> Goal of the exercise: Write out, with no changes, every line starting at the one that contains "Cover image for Andrea Bowers" and ending at the last line of the data below. Leave pictures out.
"""
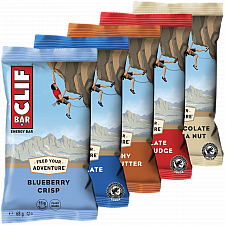 CLIF Energy Bar Testpaket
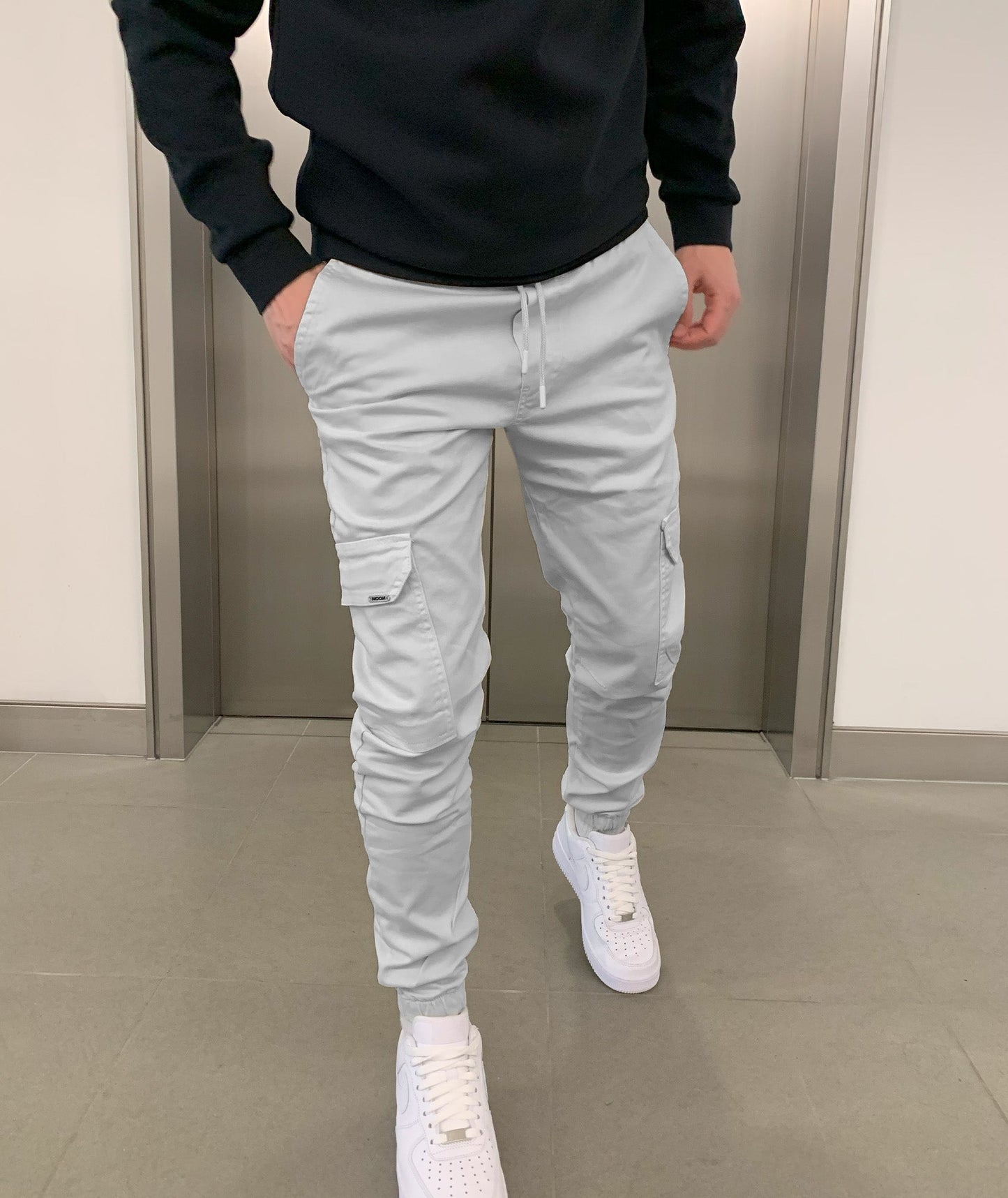 Cargo Jogger Fit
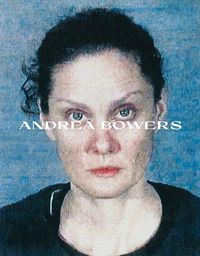 Cover image for Andrea Bowers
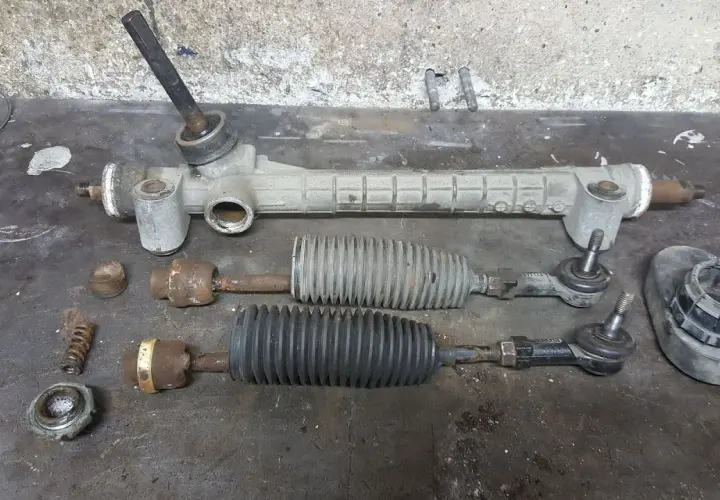 Ile kosztuje wymiana maglownicy Opel Corsa C? Sprawdź ukryte koszty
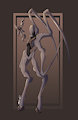 Commission Mokoi by Undeadkitty13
"""
> Answer box:
 Cover image for Andrea Bowers
 Ile kosztuje wymiana maglownicy Opel Corsa C? Sprawdź ukryte koszty
 Commission Mokoi by Undeadkitty13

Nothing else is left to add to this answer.